■ EXERCISE: Instruction for the data below: set down exactly the lines from the line with "this 320×240 image." to the line with "this 512×512 image.", inclusive, and no others.

■ EXCERPTED RECORDS:
=== Section Start ===
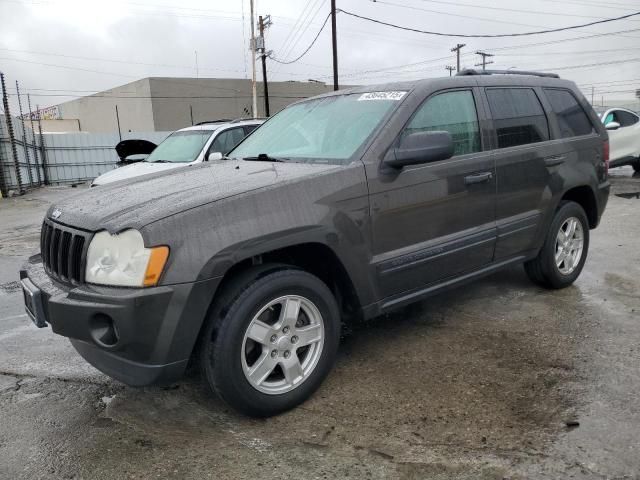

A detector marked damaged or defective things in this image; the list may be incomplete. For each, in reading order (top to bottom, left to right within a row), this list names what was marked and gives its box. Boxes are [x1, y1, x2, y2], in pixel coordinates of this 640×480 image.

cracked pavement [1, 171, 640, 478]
=== Section End ===
=== Section Start ===
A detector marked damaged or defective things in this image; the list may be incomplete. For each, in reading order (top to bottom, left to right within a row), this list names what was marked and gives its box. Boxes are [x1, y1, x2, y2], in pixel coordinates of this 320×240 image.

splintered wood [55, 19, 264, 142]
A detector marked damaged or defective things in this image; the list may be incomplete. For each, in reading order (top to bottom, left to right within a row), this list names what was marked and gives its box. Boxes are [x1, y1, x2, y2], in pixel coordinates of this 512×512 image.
=== Section End ===
■ RESULT BELOW:
A detector marked damaged or defective things in this image; the list may be incomplete. For each, in reading order (top to bottom, left to right within a row), this list names what was marked and gives its box. Boxes are [x1, y1, x2, y2], in pixel coordinates of this 320×240 image.

splintered wood [55, 19, 264, 142]
A detector marked damaged or defective things in this image; the list may be incomplete. For each, in reading order (top to bottom, left to right within a row), this list names what was marked and gives its box. Boxes are [x1, y1, x2, y2], in pixel coordinates of this 512×512 image.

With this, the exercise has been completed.